- 274 -
Hüsrev, Üstadının kendi hakkında hiddetini zannedip, bir meseleye dair müteessiren yazdığı mektubundan bir fıkradır.
Sevgili ve kıymetdar Üstadım,
Mektubunuzun mütalâasından mütevellid teessüratım arasında, kalbime çok havâtır hutur ediyordu. Her tarafı ve her hali kusur ve ayıpla dolu talebeniz, sevgili Üstadının ayaklarının altına varlığını sermişti. Belki hergün, bu şiddetten daha büyük bir şiddetle muamele görse ve hattâ Üstadı uğrunda, yüz bin hayatı olsa hepsini bile vermeye bilâ tereddüt hazır olduğunu, sûrî değil, kalbî bir itirafla müheyyadır.
Mücrim talebeniz, senelerden beri Hâlıkından bir hâmi istiyordu. Baştan aşağıya kadar siyahlıklarla dolu olan defter-i a'mâlim tetkik edilse, bu hususta ne kadar tazarru ve niyazım vardır ve ne kadar gözyaşlarım bulunacaktır. Kur'ânî hizmet uğrunda, arzın sekenesi kadar hayatım olsa, her birisini feda etmeyi, ne büyük saâdet ve şeref kabul etmişim.

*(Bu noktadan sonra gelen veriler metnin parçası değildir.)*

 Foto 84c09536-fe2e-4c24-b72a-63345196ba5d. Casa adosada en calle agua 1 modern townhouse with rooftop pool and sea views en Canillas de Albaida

Ey sevgili Üstadım, ey kıymettâr Hocam, ey senelerden beri aradığım muhterem mürşidim, ey aziz dellâl-ı Kur'ân,
Iztıraplarımın sürûra inkılâp etmekte olduğunu hissediyorum. Uzakta olanın kusuru görülmez, tokat yakında olana vurulur. Kalbim bu cümlelere
هٰذَا مِنْ فَضْلِ رَبِّى [1] diyor. Fakat dimağımdan silinmeyen birşey varsa, o da aziz Üstadımın elemlerine iştirak etmek idi.
Muhterem mürşidim,
Kimin haddi var ki, risalelerin birisine el uzatsın veyahut bir sahifesine dil uzatsın veyahut bir cümlesini tenkit etsin veyahut bir kelimesine, hattâ bir harfine ve belki bir noktasına itirazda bulunsun? Bilâ istisna, her fert istihsan ederken, böyle birşey yapmak için, bu cüreti kimden alayım?